■ Assignment: Your copy starts at the line containing "Peloton na trati" and ends at the last line of the material below. Reproduce those lines exactly, with no pictures.

■ Task material:

------------

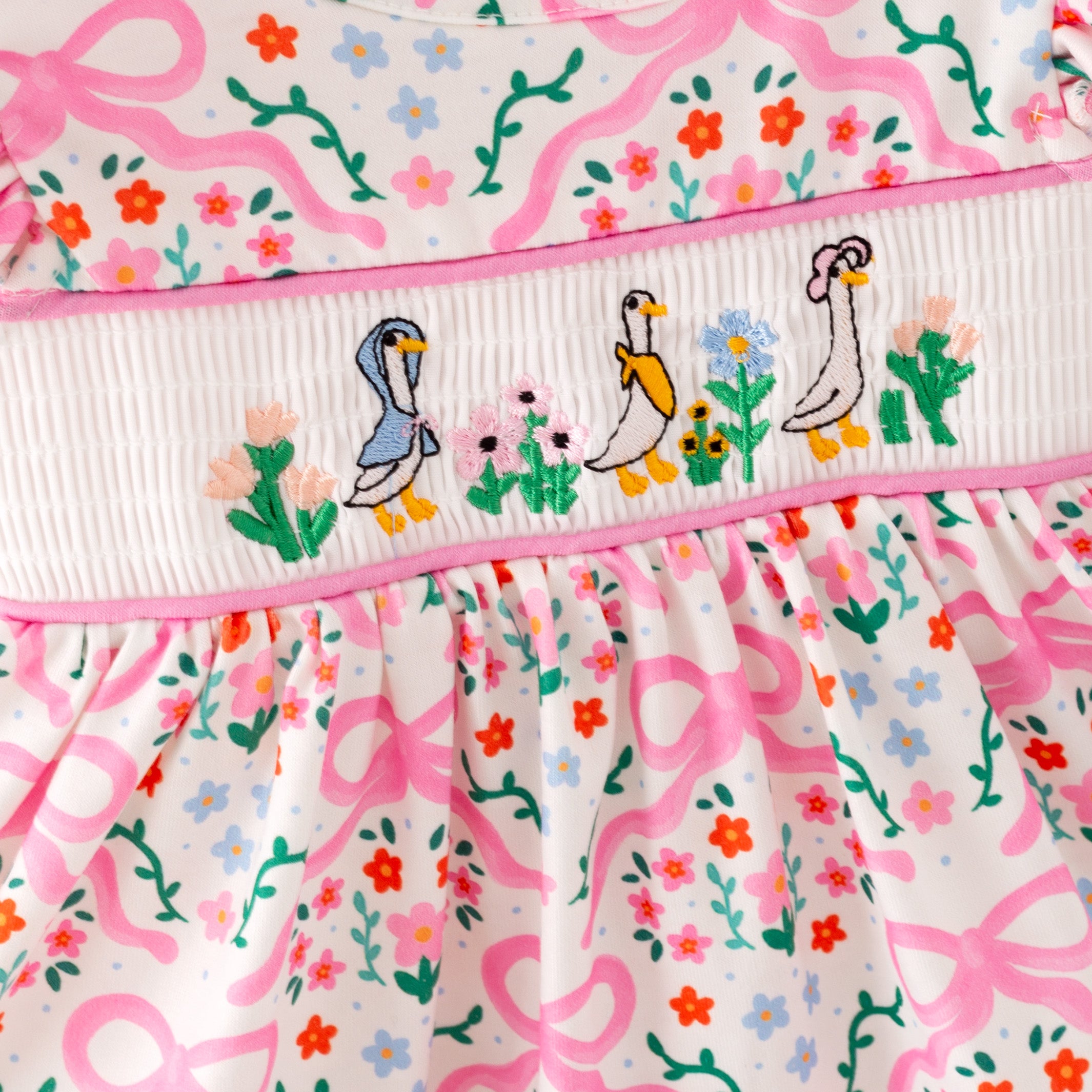 (Pre Order)Sisters Spring and Summer Goose Embroidery Smocked Dress&Bloomer Set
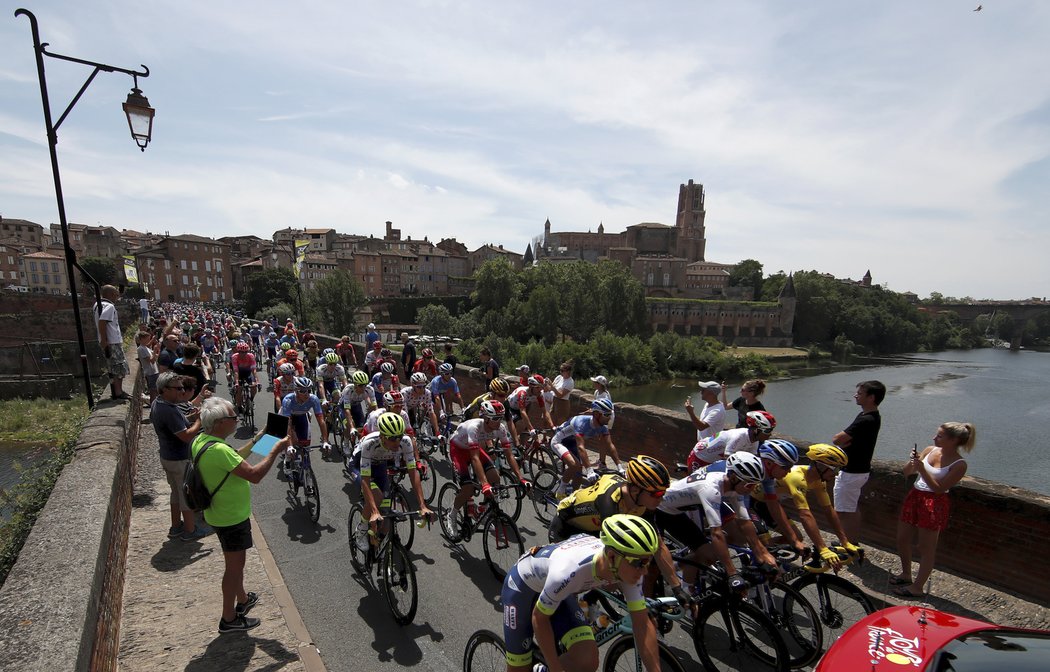 Peloton na trati jedenácté etapy Tour de France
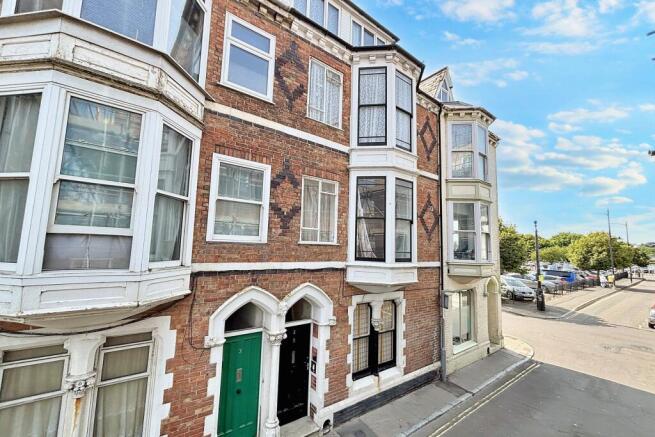 4 bed property, in Town, £265,000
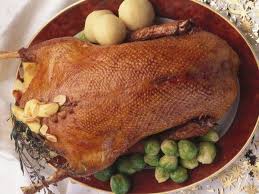 Weihnachtlicher Gansebraten Mit Klossen Und Rosenkohl Rezept In 2019 Gansebraten Rezept Braten Und Rosenkohl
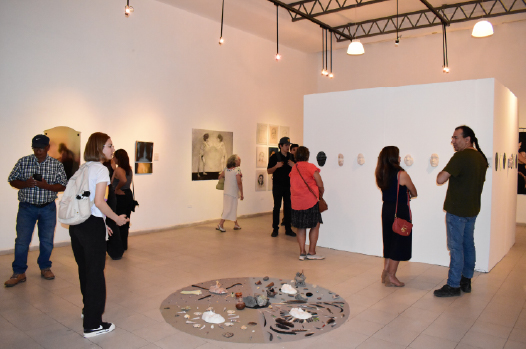 Invitan a visitas guiadas “Retrospectiva 20/20” en Galería de Arte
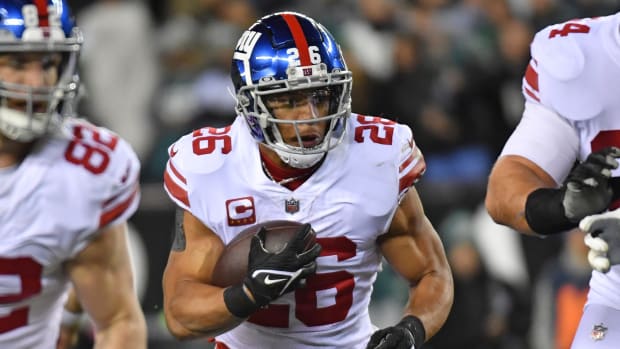 Giants running back Saquon Barkley signed a one-year deal with the team to avoid a holdout.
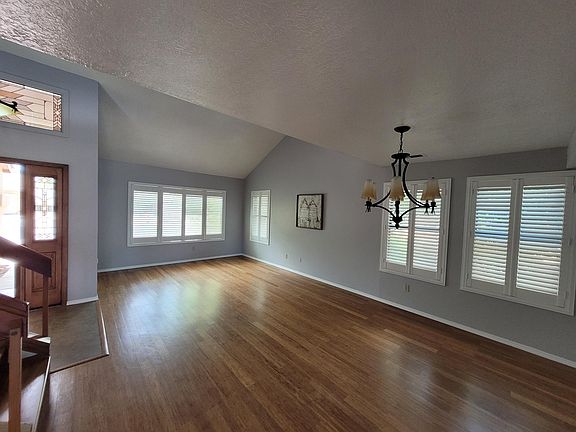 3rd image of 7723 Primrose Dr NW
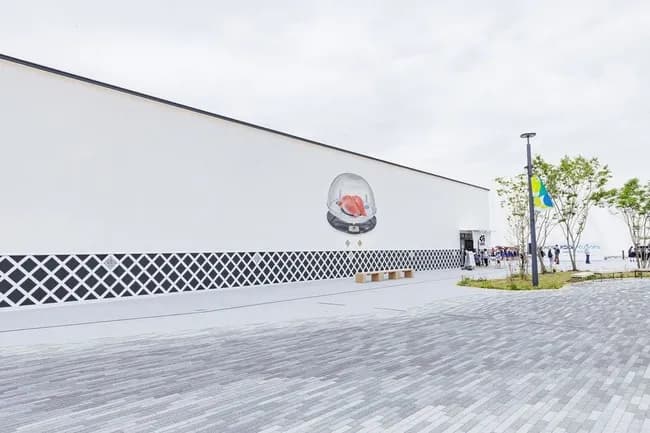 くら寿司社長「万博で世界各国料理モチーフの寿司出すから483品考えろ」商品開発部の人「おかのした」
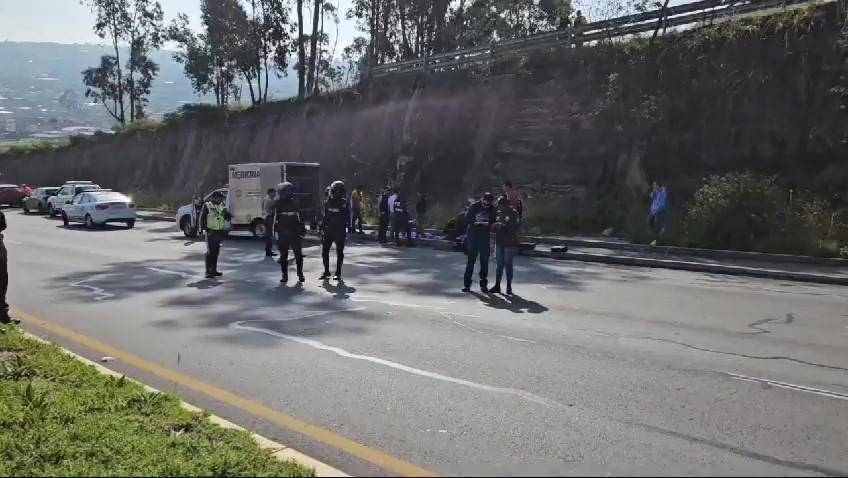 Los cuerpos de tres hombres asesinados fueron encontrados en la av. Simón Bolívar, norte de Quito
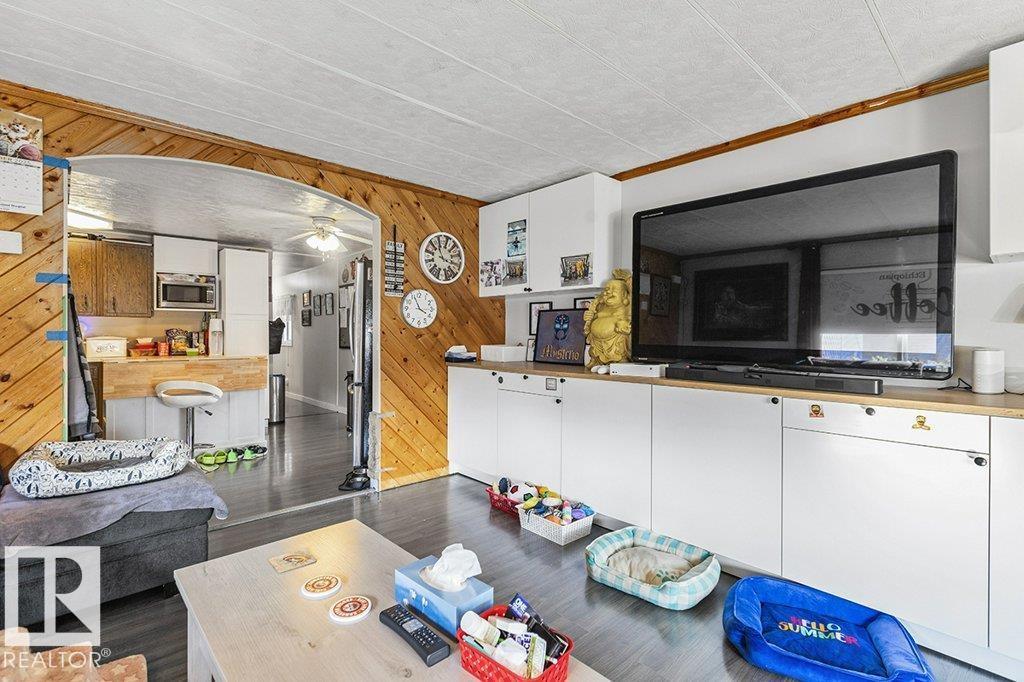 862 west coast BA NW, Edmonton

------------

■ Solution:
 Peloton na trati jedenácté etapy Tour de France
 4 bed property, in Town, £265,000
 Weihnachtlicher Gansebraten Mit Klossen Und Rosenkohl Rezept In 2019 Gansebraten Rezept Braten Und Rosenkohl
 Invitan a visitas guiadas “Retrospectiva 20/20” en Galería de Arte
 Giants running back Saquon Barkley signed a one-year deal with the team to avoid a holdout.
 3rd image of 7723 Primrose Dr NW
 くら寿司社長「万博で世界各国料理モチーフの寿司出すから483品考えろ」商品開発部の人「おかのした」
 Los cuerpos de tres hombres asesinados fueron encontrados en la av. Simón Bolívar, norte de Quito
 862 west coast BA NW, Edmonton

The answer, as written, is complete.